NZ Herald 16 April 2016
Family First Comment: Superb commentary from the NZ Herald today – “I’d be very surprised if this Government ever contemplates a general decriminalisation because it tried that, at Dunne’s suggestion, a few years ago. Remember? They used the “health approach” for the regulation of new substances called synthetic cannabis and it proved to be a social and political disaster.”
Exactly. Drug use is both a criminal and a health issue. There is a false dichotomy that criminal sanctions haven’t worked so we should ditch them all together and we should focus only on education and health initiatives. We should maintain both..

Dr Lance O’Sullivan, the estimable young Northland GP named New Zealander of the Year not so long ago, put his name to an article in the Herald this week that called for the decriminalising of cannabis. At least, I think it was referring to cannabis when the piece co-authored by the New Zealand Drug Foundation chairman, Tuari Potiki, urged the “drug problem” be treated with health measures rather than criminal law. Professor Doug Sellman, director of Otago University’s National Addiction Centre, left no doubt about it, writing on the same page, “The days of cannabis prohibition in New Zealand appear to be coming to an end.”
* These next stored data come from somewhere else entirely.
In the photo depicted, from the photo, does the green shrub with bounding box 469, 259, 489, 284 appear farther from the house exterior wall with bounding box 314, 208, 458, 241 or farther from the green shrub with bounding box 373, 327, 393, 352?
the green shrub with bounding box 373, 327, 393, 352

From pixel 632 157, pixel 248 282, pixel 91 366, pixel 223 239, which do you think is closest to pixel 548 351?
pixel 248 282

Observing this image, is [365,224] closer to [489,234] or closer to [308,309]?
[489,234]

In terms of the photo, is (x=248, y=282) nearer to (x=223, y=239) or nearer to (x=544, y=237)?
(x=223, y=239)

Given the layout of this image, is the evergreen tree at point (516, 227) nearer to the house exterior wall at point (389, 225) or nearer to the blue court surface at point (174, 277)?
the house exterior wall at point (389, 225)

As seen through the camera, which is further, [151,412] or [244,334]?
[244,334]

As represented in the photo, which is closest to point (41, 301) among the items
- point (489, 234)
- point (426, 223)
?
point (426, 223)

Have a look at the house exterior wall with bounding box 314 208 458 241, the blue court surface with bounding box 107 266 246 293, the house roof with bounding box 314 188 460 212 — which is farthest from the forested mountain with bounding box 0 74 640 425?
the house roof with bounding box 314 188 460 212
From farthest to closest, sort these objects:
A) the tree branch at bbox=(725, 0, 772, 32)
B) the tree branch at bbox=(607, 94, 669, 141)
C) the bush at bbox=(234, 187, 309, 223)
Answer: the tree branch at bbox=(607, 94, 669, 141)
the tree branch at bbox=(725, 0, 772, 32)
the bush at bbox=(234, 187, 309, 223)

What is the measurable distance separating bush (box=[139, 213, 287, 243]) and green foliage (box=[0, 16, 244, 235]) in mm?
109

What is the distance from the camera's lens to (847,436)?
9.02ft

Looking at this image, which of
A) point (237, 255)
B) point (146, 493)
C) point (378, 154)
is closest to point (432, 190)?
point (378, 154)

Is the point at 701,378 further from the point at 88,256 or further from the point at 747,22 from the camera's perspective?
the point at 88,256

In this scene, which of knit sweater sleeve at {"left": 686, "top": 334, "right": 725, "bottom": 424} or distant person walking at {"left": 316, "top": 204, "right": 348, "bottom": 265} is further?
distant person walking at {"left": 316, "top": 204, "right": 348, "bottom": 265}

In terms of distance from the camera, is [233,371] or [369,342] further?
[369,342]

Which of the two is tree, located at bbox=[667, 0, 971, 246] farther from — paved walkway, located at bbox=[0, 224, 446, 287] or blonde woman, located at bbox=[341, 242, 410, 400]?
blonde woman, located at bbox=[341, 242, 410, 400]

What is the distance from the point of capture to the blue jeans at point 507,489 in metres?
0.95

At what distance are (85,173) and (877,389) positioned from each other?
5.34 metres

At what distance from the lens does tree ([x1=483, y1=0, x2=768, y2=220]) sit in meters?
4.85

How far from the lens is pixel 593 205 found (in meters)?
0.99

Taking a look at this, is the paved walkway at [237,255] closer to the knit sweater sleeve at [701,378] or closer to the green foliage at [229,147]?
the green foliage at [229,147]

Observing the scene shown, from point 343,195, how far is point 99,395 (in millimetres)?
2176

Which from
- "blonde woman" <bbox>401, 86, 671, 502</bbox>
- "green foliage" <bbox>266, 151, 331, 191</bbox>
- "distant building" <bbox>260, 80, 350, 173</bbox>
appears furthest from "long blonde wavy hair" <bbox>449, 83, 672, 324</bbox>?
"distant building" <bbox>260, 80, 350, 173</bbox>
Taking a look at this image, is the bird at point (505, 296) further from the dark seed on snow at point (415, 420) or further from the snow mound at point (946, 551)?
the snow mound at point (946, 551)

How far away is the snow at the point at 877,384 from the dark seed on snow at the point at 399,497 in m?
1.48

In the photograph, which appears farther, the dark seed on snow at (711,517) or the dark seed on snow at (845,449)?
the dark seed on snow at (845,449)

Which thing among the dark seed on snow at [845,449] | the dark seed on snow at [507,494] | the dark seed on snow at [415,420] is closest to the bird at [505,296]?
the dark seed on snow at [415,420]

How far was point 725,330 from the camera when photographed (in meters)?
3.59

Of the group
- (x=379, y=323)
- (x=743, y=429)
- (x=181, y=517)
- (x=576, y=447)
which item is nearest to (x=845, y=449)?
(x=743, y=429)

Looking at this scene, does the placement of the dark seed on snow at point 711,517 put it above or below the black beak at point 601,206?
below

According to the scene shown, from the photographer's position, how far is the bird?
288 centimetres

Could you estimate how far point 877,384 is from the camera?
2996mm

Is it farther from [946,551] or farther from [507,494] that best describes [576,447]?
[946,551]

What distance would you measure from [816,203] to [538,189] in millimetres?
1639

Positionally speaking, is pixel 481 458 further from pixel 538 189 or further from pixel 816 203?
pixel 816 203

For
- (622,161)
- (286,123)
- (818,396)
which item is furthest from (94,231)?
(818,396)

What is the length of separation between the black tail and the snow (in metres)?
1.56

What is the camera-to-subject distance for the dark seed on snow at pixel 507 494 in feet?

…Still, I’d be very surprised if this Government ever contemplates a general decriminalisation because it tried that, at Dunne’s suggestion, a few years ago. Remember? They used the “health approach” for the regulation of new substances called synthetic cannabis and it proved to be a social and political disaster.

I am sure public health campaigners such as Professor Sellman remember the parade of misery and disgust on Campbell Live at the time, the impassioned appeals from mothers of those openly buying the stuff, the wretched characters coming and going from the few approved suppliers in unfortunate shopping centres in less salubrious suburbs. I’m sure they do remember but they haven’t worked out why the policy went wrong. Poor neighbourhoods are a long way from university seminars. Economic regulators realised a long time ago that while controlling the quality of products on a market can be a good thing to do, controlling the quantity of supplies or suppliers is almost never wise. Health regulators haven’t much time for economics and don’t much like markets. So when they were given the task of bringing some law and order to the wild new business of party drugs and chemical highs, they did not just look for a way to test them for safety, they invited councils to control the number of licensed outlets. The result was a blight on the chosen places and a political outcry that caused the Government to call the thing off. I doubt that any party in Parliament wants to go back there.

….It didn’t work for alcohol but public health campaigns make a mistake, I think, when they put alcohol in the same category as drugs taken purely for a hit in the head. Drinking is pleasant in itself. When the minds starts to spin from alcohol, the pleasure is over. Drugs that do nothing for you up to that point have no redeeming social benefit to my mind.